Intestinal and Heart DGAT1 Deletion

Our results showed that heart-specific deficiency of DGAT1 causes heart failure; these observations differed from those in Dgat1^−/− mice that had normal cardiac function (6). We hypothesized that knock-out of DGAT1 in other tissues ameliorated the deleterious effects of cardiomyocyte DGAT1 deficiency. Recently, Lee et al. (33)reported that overexpression of DGAT1 in enterocytes negated the protection from insulin resistance reported in Dgat1^−/− mice. Therefore, we tested whether knock-out of DGAT1 in the intestine would have beneficial effects in hDgat1^−/− mice. We crossed hDgat1^−/− mice with intestinal Dgat1 knock-out (iDgat1^−/−) mice we created and described previously (16) to produce combined heart and intestinal knock-out (hiDgat1^−/−) mice. Intestinal loss of DGAT1 reduces intestinal motility and chylomicron production but leads to no cardiac phenotype (16). As we hypothesized, the survival rate for these double knock-out mice was improved (Fig. 3A). The increased heart/body weight ratio found in hDgat1^−/− mice was normalized in double knock-out mice (Fig. 3B), and FS was improved by 40% (Fig. 3, C and D). The toxic lipids DAG and ceramide were reduced in the hearts of double knock-out mice (Fig. 3E).

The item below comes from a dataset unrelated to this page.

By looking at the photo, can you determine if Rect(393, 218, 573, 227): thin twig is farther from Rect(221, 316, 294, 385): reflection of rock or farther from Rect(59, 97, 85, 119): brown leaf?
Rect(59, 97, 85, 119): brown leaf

FIGURE 3. — **Intestinal DGAT1 deletion ameliorates heart failure of *hDgat1*^−/− mice.** A, male and female *hDgat1*^−/− and *hiDgat1*^−/− mice were followed for 300 days, and the incidence of spontaneous death was recorded as a function of time (n = 14–15; *, p < 0.01). B, heart/body weight ratio in 9-month-old mice *hDgat1*^−/− and *hiDgat1*^−/− mice (n = 5; *, p < 0.05). C, fractional shortening was measured with echocardiography in 9-month-old *hDgat1*^−/− and *hiDgat1*^−/− mice (n = 5; *, p < 0.01). D, representative M-mode echocardiography images are shown. E, DAG and ceramides were measured in hearts of 9-month-old *hDgat1*^−/− and *hiDgat1*^−/− mice (n = 5; *, p < 0.05). F, mRNA levels of *Bnp*, *Ppara*, *Cd36*, and *Lpl* in hearts from 9-month-old *hDgat1*^−/− and *hiDgat1*^−/− mice (n = 6; *, p < 0.05). *Error bars* represent S.D.

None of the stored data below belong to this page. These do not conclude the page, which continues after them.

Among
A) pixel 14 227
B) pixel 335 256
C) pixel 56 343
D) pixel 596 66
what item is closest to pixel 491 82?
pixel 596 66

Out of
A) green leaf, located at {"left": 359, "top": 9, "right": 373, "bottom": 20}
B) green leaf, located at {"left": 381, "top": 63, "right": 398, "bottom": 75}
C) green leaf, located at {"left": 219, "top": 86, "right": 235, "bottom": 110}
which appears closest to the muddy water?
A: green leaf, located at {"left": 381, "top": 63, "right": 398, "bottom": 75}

Enterocyte-specific Dgat1 deletion mice crossed onto the hDgat1^−/− background had a number of changes in gene expression (Fig. 3F). Compared with hDgat1^−/− mice, hiDgat1^−/− mice had an ∼50% reduction in Bnp mRNA and reduced Ppara expression but increased Pparg expression. Cd36 expression was also reduced in hiDgat1^−/− mouse hearts. Of note, on average, all PPARα target genes assessed (Plin2, Atgl, Cpt1b, Aox, Pdk4, and Lpl) were decreased.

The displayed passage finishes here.